Lessons learned from writing four novels

I used to be a chronic unfinisher of novels. I would start one with great excitement and fervour, then get distracted by the next shiny fiction idea. Rinse. Repeat. 

But when I took fiction more seriously, I came across an author who said that authors should finish their shit. Since this wisdom was echoed by many authors I admired, I decided to make it my life mission to finish my shit. (Fiction, that is. I always finished my articles or I don't get to eat!)

Not only did I get big a burst of satisfaction and confidence each time I completed a book, I learned new skills with each one. And guess what, Bird by Bird as Anne Lamott said. After making that promise to myself, I have since written nearly a dozen novellas and short stories, and four novels that ranged from 50,000 to 100,000 words.
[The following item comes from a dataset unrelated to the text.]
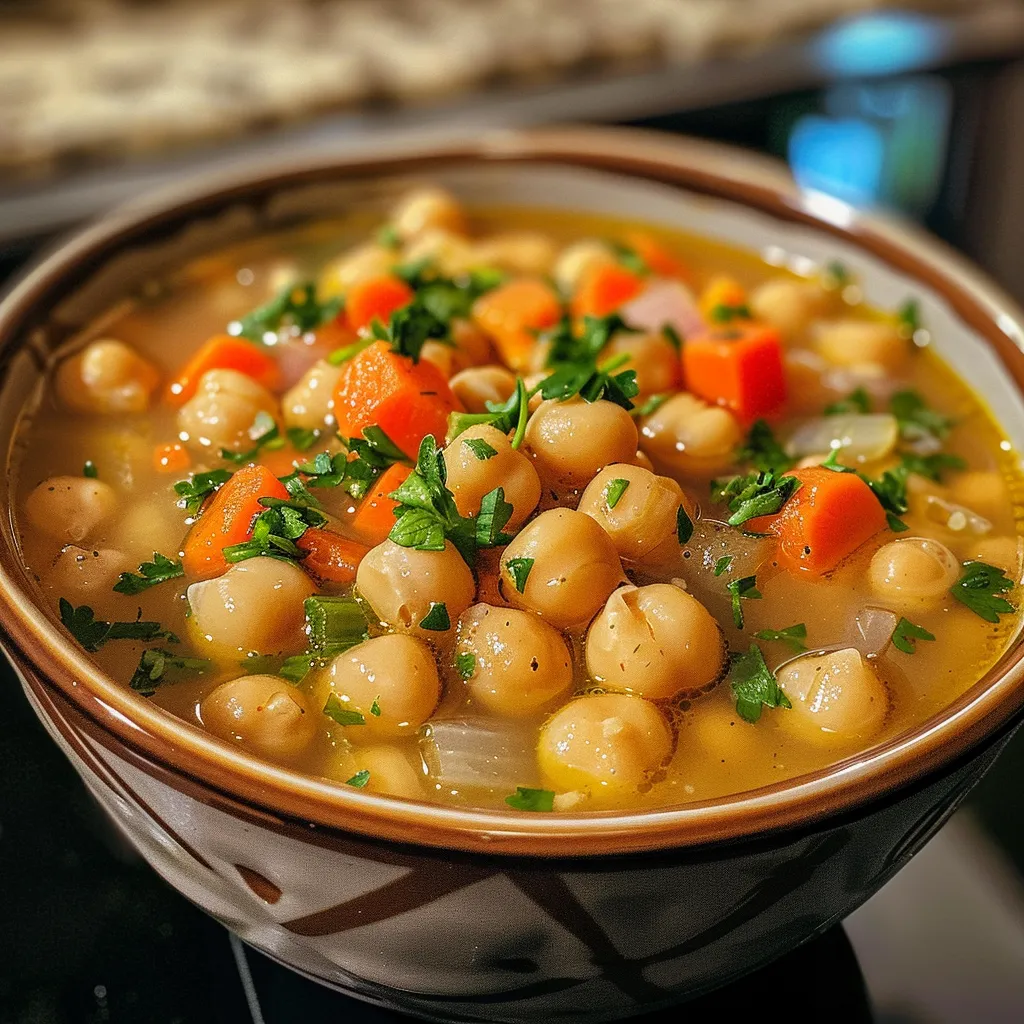 Side angle of a steaming bowl of chickpea soup, showcasing its hearty ingredients.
If I may ever be so bold, you may take a bazillion writing workshops or get a souped up MFA, but finishing your novels is the No.1 way to improve as a writer. And note that I said novels. Yup, you got it. Write so much that you forget how many novels you've ever written.

May I present to you exhibit A - How I grew as a novelist, novel by novel:

First novel (80k words): An Angel fanfic

Frustrated by a rather painful season cliffhanger, I wrote this one to ease the pain. I wrote on pure instinct, pantsing wildly, and dreaming up plot twists. I posted a new chapter on Fanfiction.net each week (though I didn't keep a strict schedule). It was thrilling to see how readers responded. They cheered me on. Yelled at me to write faster. One even said she cried at work reading a chapter. As a writer, there was no greater achievement than that! It took me two years to complete the novel, and it remains, to date, one of the few works I truly enjoyed working on.

What I learned: Using digital media to interact with readers - there's no thrill greater!  

Second novel (50k): A young adult novel

I wrote this on order, meaning, a publisher wanted it and I had to come up with an enthralling story that will sell. Needless to say, I panicked a little, wondering what the hell I got myself into. Then, with only six months left to deadline, I wrote up a storm. It wasn't an enjoyable process, especially compared to the orgasmic experience I had writing the Angel fanfic. I quickly learned that deadlines = stress, especially if you didn't have a method to ensure that you met the deadline. Although I wasn't exactly thrilled by the novel I wrote, I was absolutely floored I managed to reach the finishing line. I may dust it off one day, rework it, and put it up on Wattpad. See? You can't do that with an unfinished novel!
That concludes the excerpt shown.